The present invention relates generally to inkjet printheads, and more particularly to a wide-array inkjet printhead assembly.
A conventional inkjet printing system includes a printhead, an ink supply which supplies liquid ink to the printhead, and an electronic controller which controls the printhead. The printhead ejects ink drops through a plurality of orifices or nozzles and toward a print medium, such as a sheet of paper, so as to print onto the print medium. Typically, the orifices are arranged in one or more arrays such that properly sequenced ejection of ink from the orifices causes characters or other images to be printed upon the print medium as the printhead and the print medium are moved relative to each other.
In one arrangement, commonly referred to as a wide-array inkjet printing system, a plurality of individual printheads, also referred to as printhead dies, are mounted on a single carrier. As such, a number of nozzles and, therefore, an overall number of ink drops which can be ejected per second is increased. Since the overall number of drops which can be ejected per second is increased, printing speed can be increased with the wide-array inkjet printing system.
Mounting a plurality of printhead dies on a single carrier, however, requires that the single carrier perform several functions including fluid and electrical routing as well as printhead die support.
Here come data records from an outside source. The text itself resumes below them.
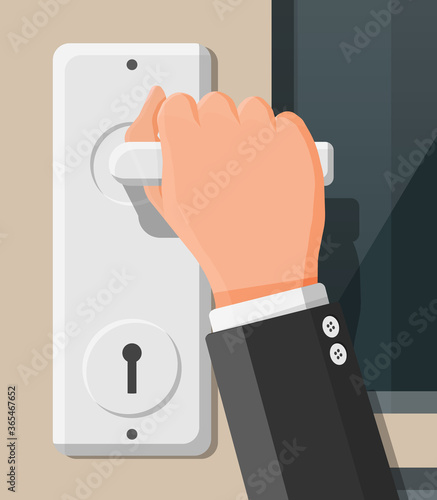 The hand opens the door. Closed door with chrome handle. Concept of invitation to enter or new opportunity. Flat vector illustration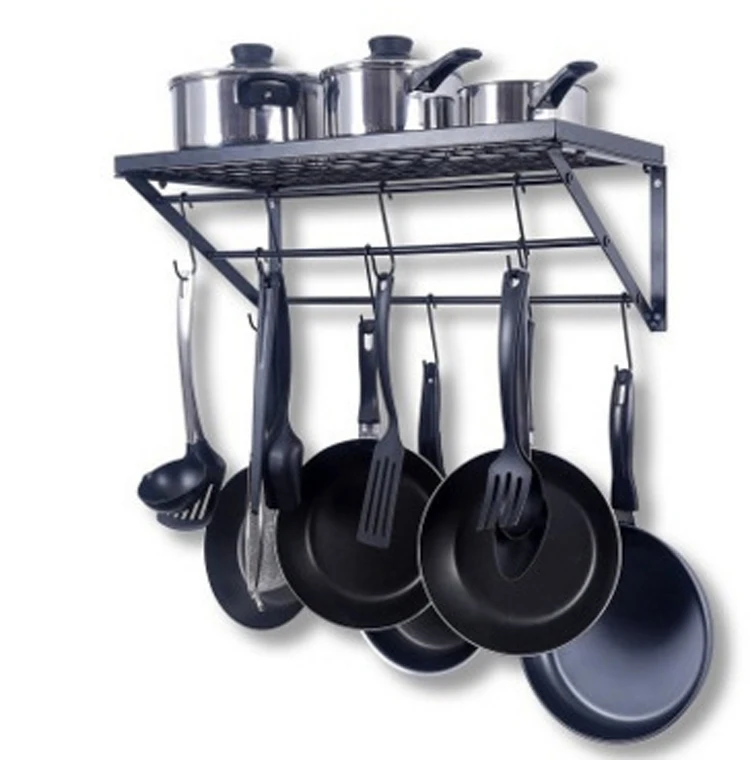 

Kitchen Pots And Pans Organizer Rack Ceiling Mount Cookware Rack Hanging Hanger Have Hooks, Custom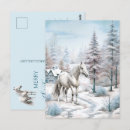 Recherche de chevaux et neige cartes postales Scène hivernale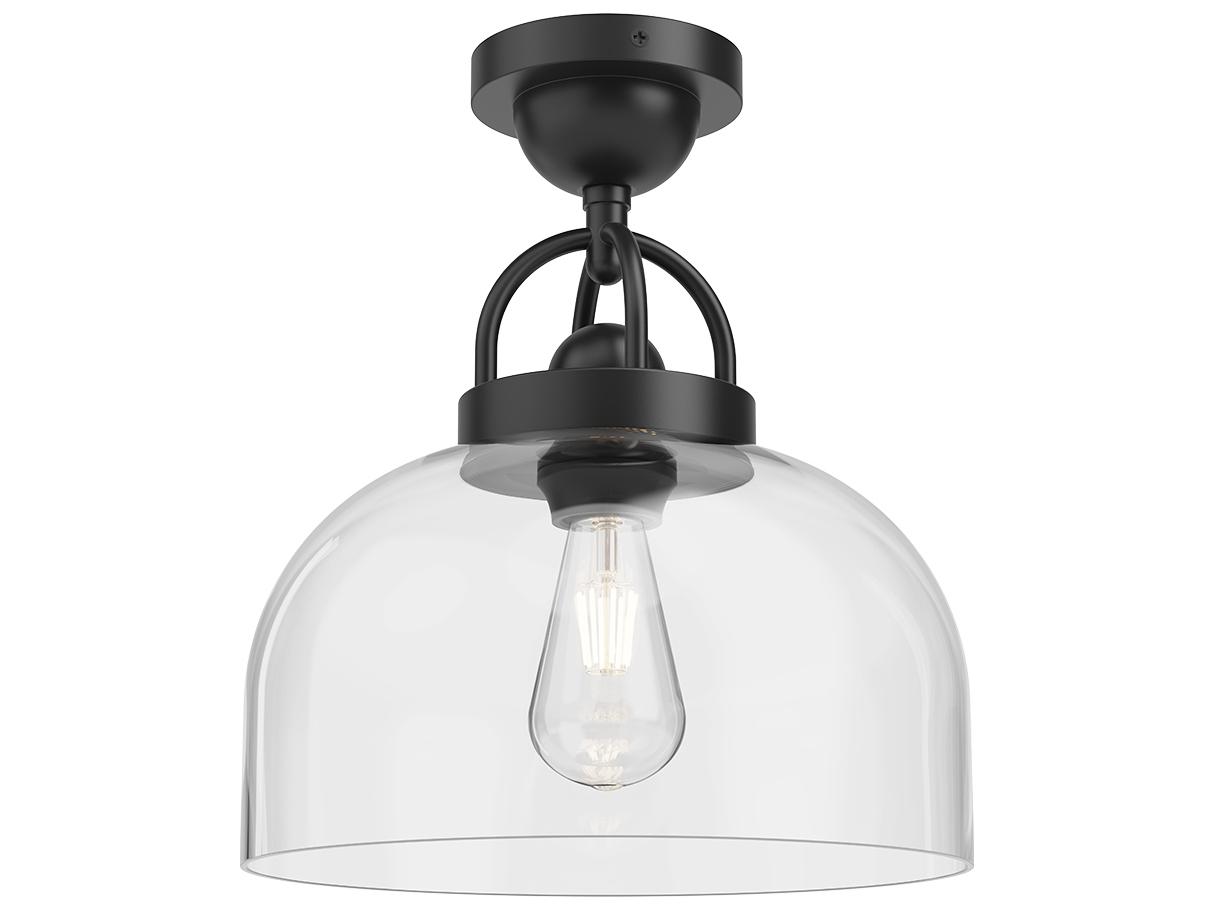Alora Mood Lancaster 1-Light Matte Black Semi Flush Mount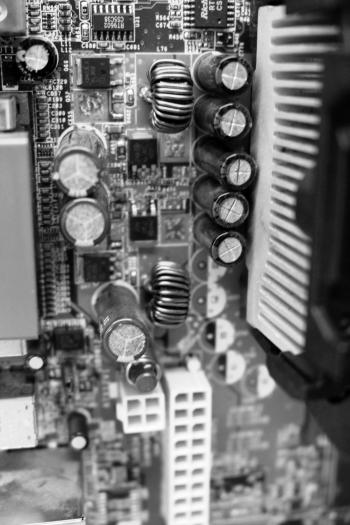 Computer circuit board in black and white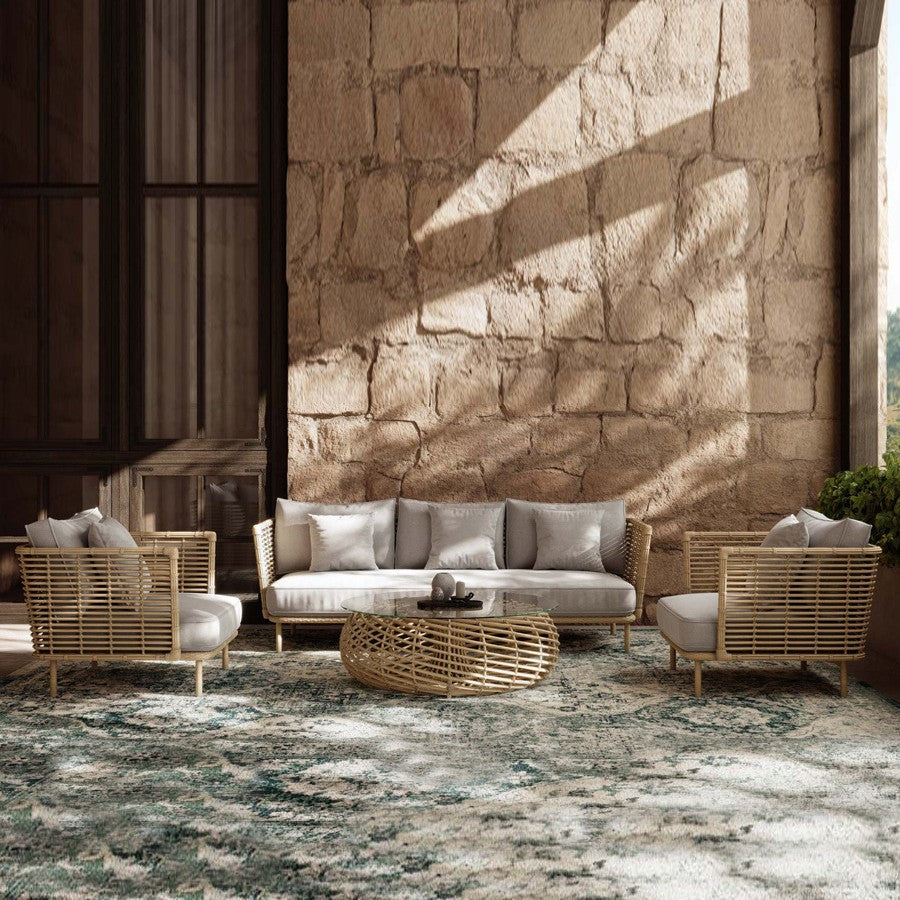 Outdoor Rattan Sofa Courtyard Leisure Outdoor Balcony Rattan Chair Sunproof Waterproof Homestay Sunroom Combination Furniture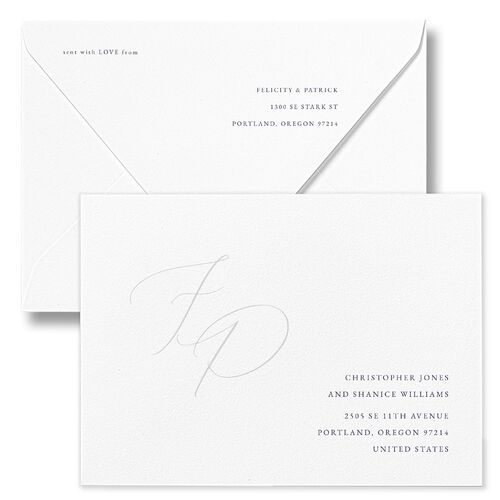 Simply Devoted Wedding Invitation Euro Envelopes White Midnight Navy Both Recipient and Return Addresses Luxe Signature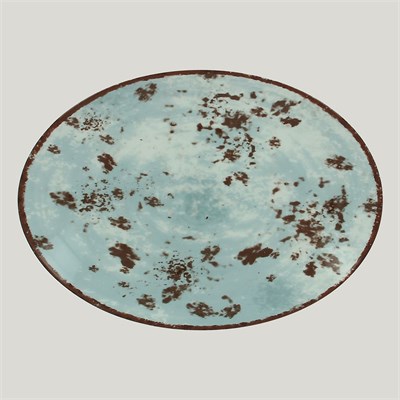 Тарелка RAK Porcelain Peppery овальная плоская 36*27 см, голубой цвет 81220628 - фото 40249152
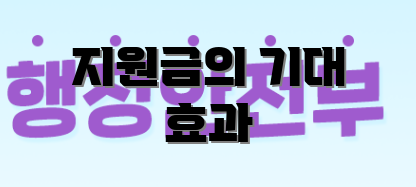 지원금의 기대 효과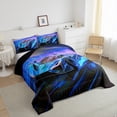 thumbnail image 3 of Castle Fairy Racing Car Twin Comforter Sets for Kids Teenagers,Black Blue Bedding Set, 3 of 8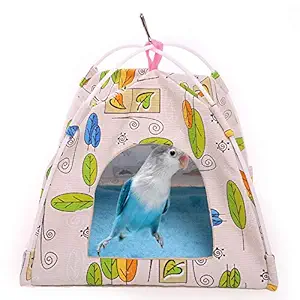 QBLEEV Bird Nest Hut Hammock,Parrot Tent House Bed Habitat Hideaway Reversible Cushion Mat Placed onto The Birdcage by a Metal Clasp,Fit for Budgerigar Parakeet Macaw Amazon Cockatoo Lovebird
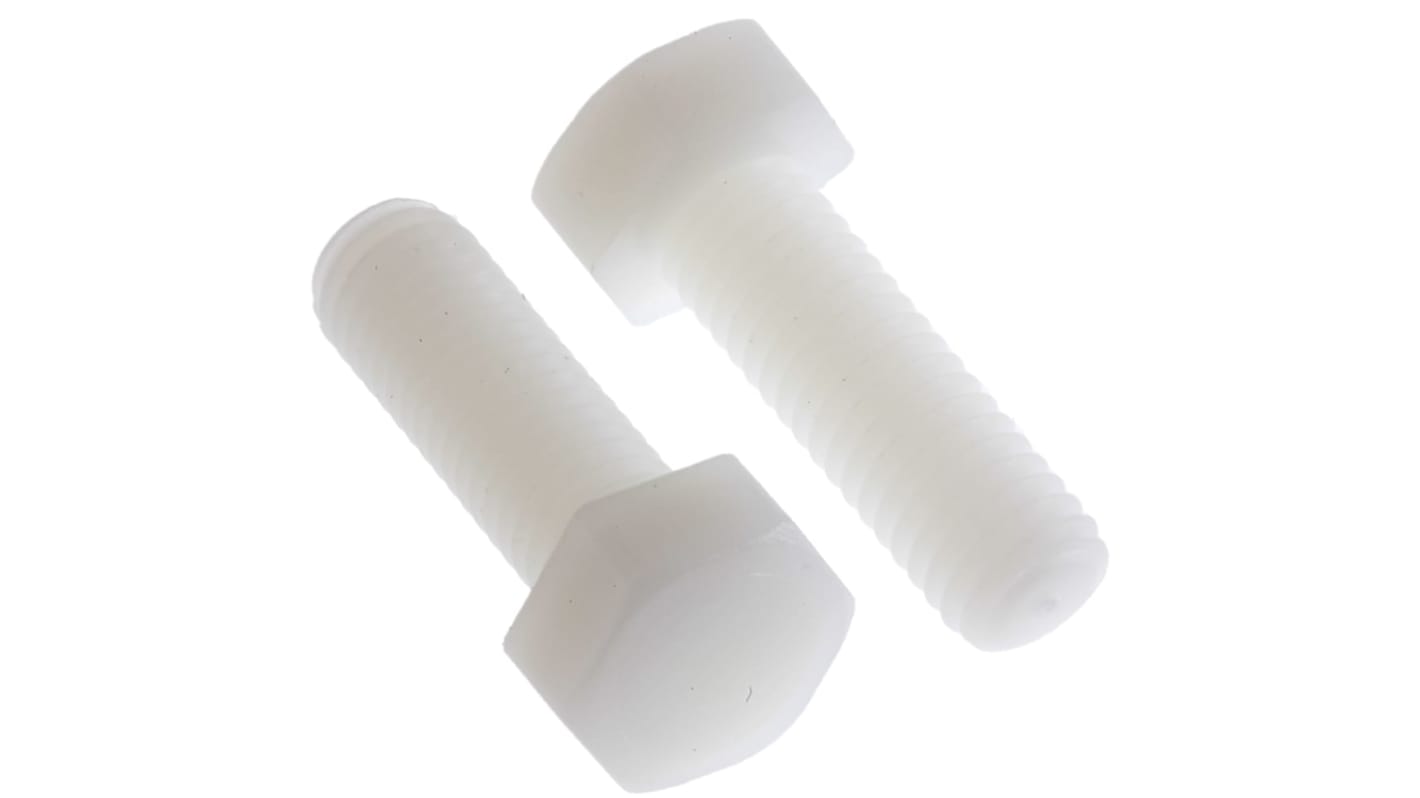 RS PRO Plain Nylon, Hex Bolt, M8 x 25.0mm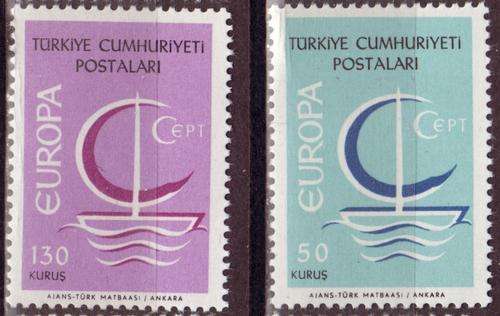 TURKEY 1966 EUROPA COMPLETE UNMOUNTED MINT SET SG#21611-2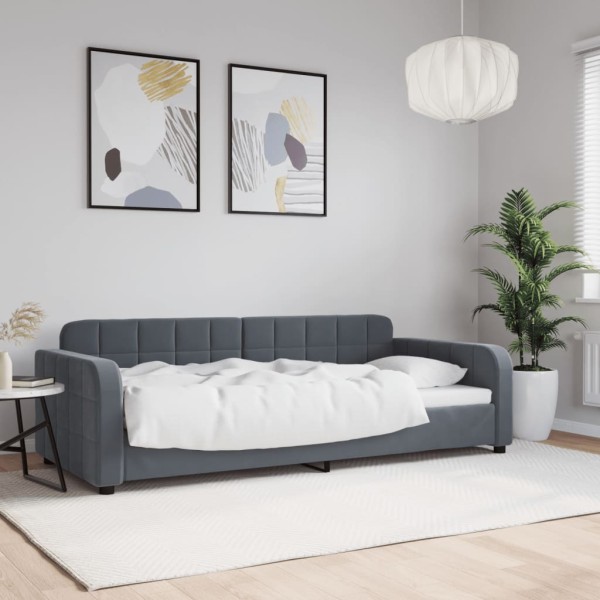 Bed, dark gray, 90x200cm, velvet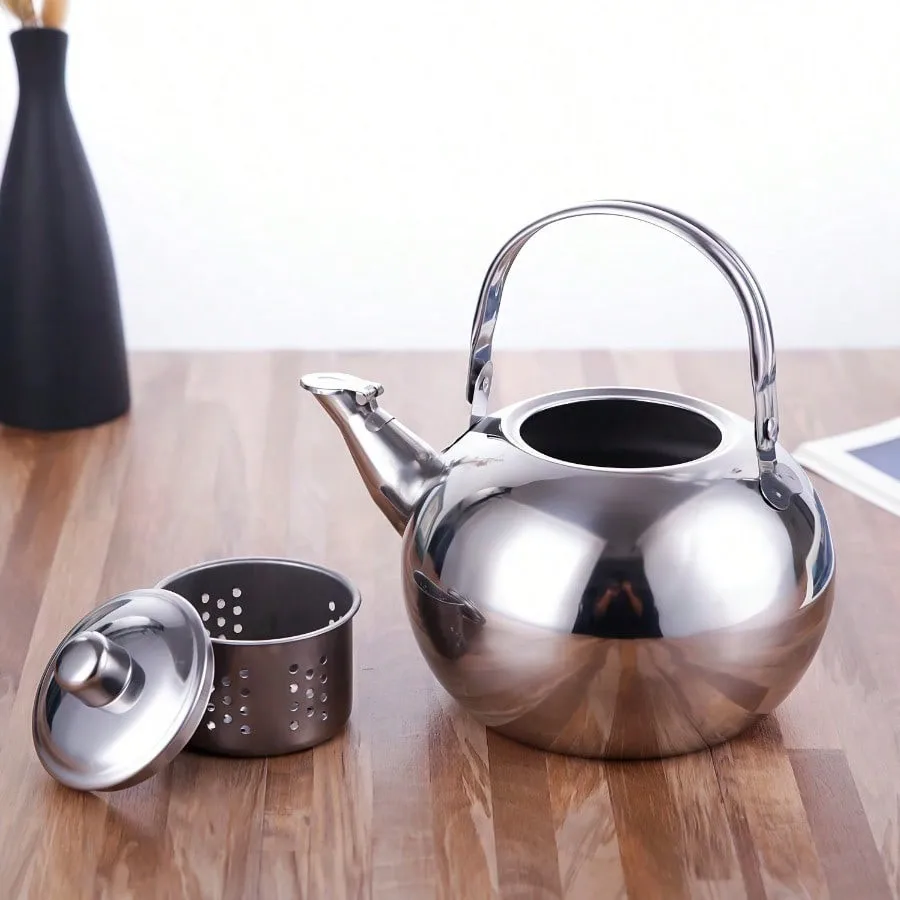 Household Stainless Steel Water Kettle Portable Restaurant Kitchen Necessary Filter Teapot Outdoor Tea Brewing Tools Container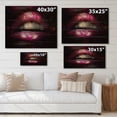 thumbnail image 4 of Designart 'Detail Of Pixellated Pink Woman Lips' Modern Print on Natural Pine Wood, 4 of 5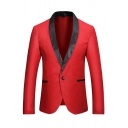 Trendy Men Blazer Contrast Color Pocket Long Sleeve Spread Collar Slim One Button Blazer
More specifically, the single carrier must accommodate communication of ink between the ink supply and each of the printhead dies, accommodate communication of electrical signals between the electronic controller and each of the printhead dies, and provide a stable support for each of the printhead dies. Unfortunately, effectively combining these functions in one unitary structure is difficult.
Accordingly, a need exists for a carrier which provides support for a plurality of printhead dies while accommodating fluidic and electrical routing to each of the printhead dies.
One aspect of the present invention provides an inkjet printhead assembly. The inkjet printhead assembly includes a carrier including a substructure and a substrate mounted on the substructure, and a plurality of printhead dies each mounted on the substrate. The substrate includes a plurality of layers and has a plurality of conductive paths extending therethrough. As such, each of the printhead dies are electrically coupled to at least one of the conductive paths of the substrate.
In one embodiment, the substructure and the substrate each have a first side and a second side. As such, the substrate is mounted on the first side of the substructure and the printhead dies are mounted on the first side of the substrate.
In one embodiment, the substrate includes a first interface on the first side thereof. As such, at least one of the conductive paths communicates with the first interface. Thus, each of the printhead dies are electrically coupled to the first interface.
In one embodiment, the substrate includes a second interface. As such, at least one of the conductive paths communicates with the second interface.
In one embodiment, the substructure has at least one ink passage extending therethrough and the substrate has a plurality of ink passages defined therein. As such, at least one of the ink passages of the substrate communicates with the at least one ink passage of the substructure and at least one of the printhead dies.
In one embodiment, the second side of each of the substructure and the substrate is opposite the first side thereof.
In one embodiment, the layers of the substrate include conductive layers and non-conductive layers. In one embodiment, each of the conductive layers form a portion of at least one of the conductive paths. In one embodiment, the conductive layers include at least one power layer, at least one ground layer, and at least one data layer. In one embodiment, the non-conductive layers of the substrate are formed of a ceramic material.
In one embodiment, the substructure includes a plastic material.
In one embodiment, the substructure includes at least one datum adapted to position the inkjet printhead assembly in at least one dimension. In one embodiment, the substructure includes a plurality of datums adapted to position the inkjet printhead assembly in three dimensions.
Another aspect of the present invention provides a method of forming an inkjet printhead assembly. The method includes providing a substructure, mounting a substrate including a plurality of layers and having a plurality of conductive paths extending therethrough on the substructure, and mounting a plurality of printhead dies on the substrate and electrically coupling the printhead dies with at least one of the conductive paths of the substrate.
Another aspect of the present invention provides a carrier adapted to receive a plurality of printhead dies. The carrier includes a substructure having a first side and a second side, and a substrate mounted on the first side of the substructure. As such, the substrate has a first side adapted to receive the printhead dies and a second side. In addition, the substrate includes a plurality of layers and has a plurality of conductive paths extending therethrough.
Another aspect of the present invention provides a method of forming a carrier for a plurality of printhead dies. The method includes providing a substructure having a first side and a second side, and mounting a substrate having a first side adapted to receive the printhead dies and a second side on the first side of the substructure, wherein the substrate includes a plurality of layers and has a plurality of conductive paths extending therethrough.
The present invention provides a carrier for a wide-array inkjet printhead assembly. As such, the carrier provides support for a plurality of printhead dies and accommodates fluidic and electrical routing to each of the printhead dies. In addition, the carrier facilitates positioning of the inkjet printhead assembly within an inkjet printing system.